I don’t normally say very much in this blog about what our day jobs are; now is a useful time to do so. The Centre is sponsored by Unilever PLC – the multinational company with many brands in foods and HomeAndPersonalCare (HPC). It came about through some far sighted collaboration between Unilever and Cambridge to create a Centre where cutting edge research would be done in areas which didn’t just address present needs but also looked to the future.
This is typified by Polymer Informatics – where we have an exciting vacancy. Many of Unilever’s product s contain polymers – you can think of them as long wriggly molecules. They can be very hard – as in polythene, or flexible as in silicones or additives in viscous liquids. Next time you put something on your hair, teeth, face, toilet bowl or laundry, etc there’s a good chance it will have a polymer ingredient of some sort.

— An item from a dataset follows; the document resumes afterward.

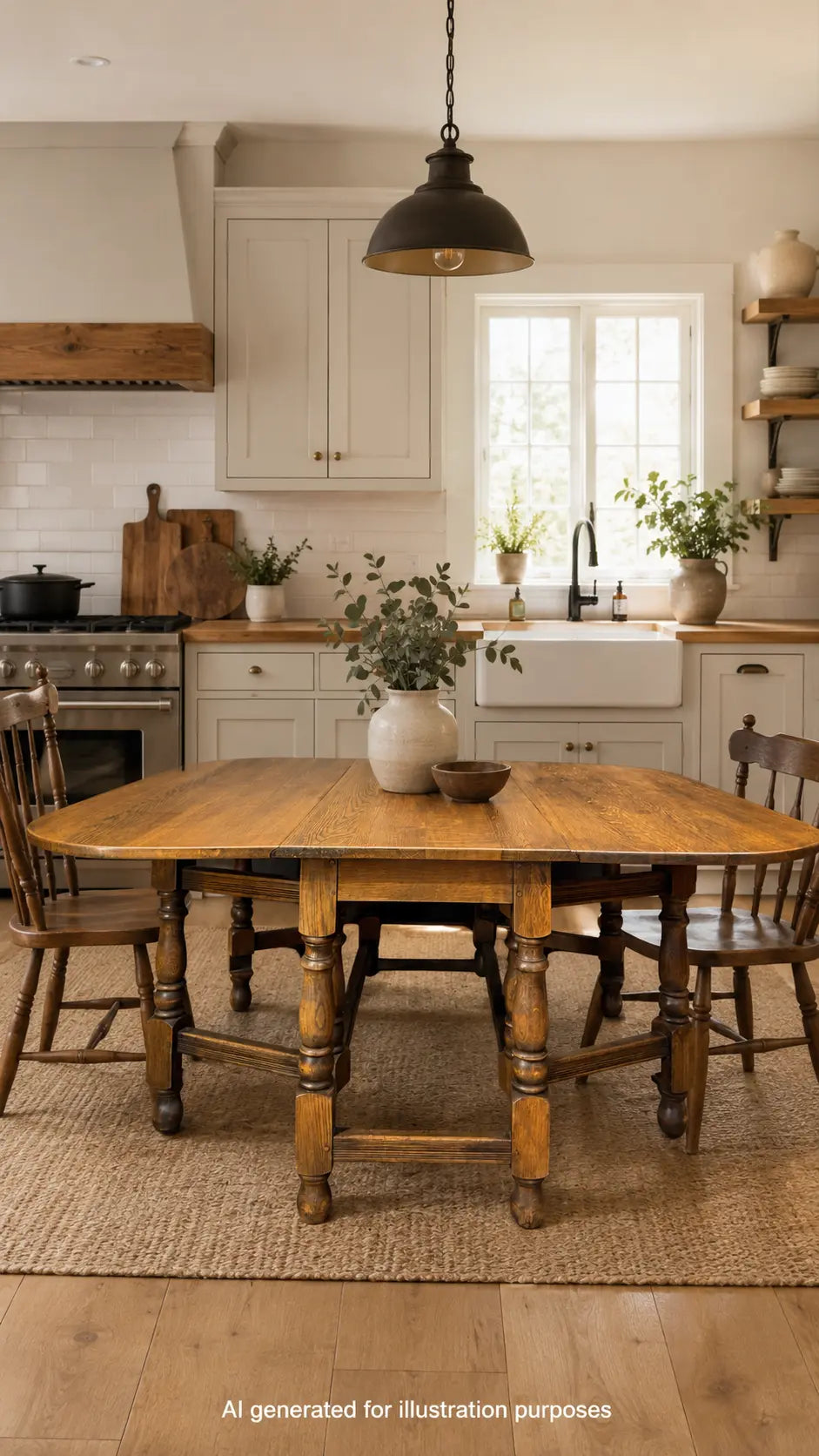 Large Solid Oak Gateleg Dining Table Drop Leaf Kitchen Table Sideboard RUSTIC WAREHOUSE NORFOLK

Work in my group looks forward to where the world will be in 5 or even 10 years’ time. Here’s a list of some of the technologies in the current position:
OSCAR3, natural language processing, text-mining, Atom, Eclipse/Bioclipse, SPARQL, RDF/OWL, XPath, XSLT, etc.)
What’s that got to do with wriggly molecules? Everything. Science is becoming increasingly data- and knowledge-driven. In many cases the “answer is out there” if only we knew where to look – publications, patents, theses, blogs, catalogs, etc.. We may not need to go back to the lab but can use reasoning techniques to extract information from the increasingly public world of information. And, as we liberate the major sources – scholarly publications, theses, patents – from their current closed practices we shall start to discover science from the relations we find. Open scientific information has to be part of the future.
The phrase Pasteur’s Quadrant is sometimes used to describe research which is both commercially exploitable and also cutting edge scholarship. That’s a useful vision. I have certainly found in my time in the Centre that industrial problems are often very good at stimulating fundamental work. So polymer informatics has taken me to new fields in knowledge representation. Polymers, unlike crystals, are not well-defined but fuzzy – they can have variable lengths, branching, chemical groups, etc. They flop about and get tangled. This requires a new type of molecular informatics and we have had to explore adding a sort of functional programming to CML to manage it. We now have a markup language which supports polymers and several features are novel.
And, as the world develops, the information component in products continues to increase. So we know we are going in an exciting direction.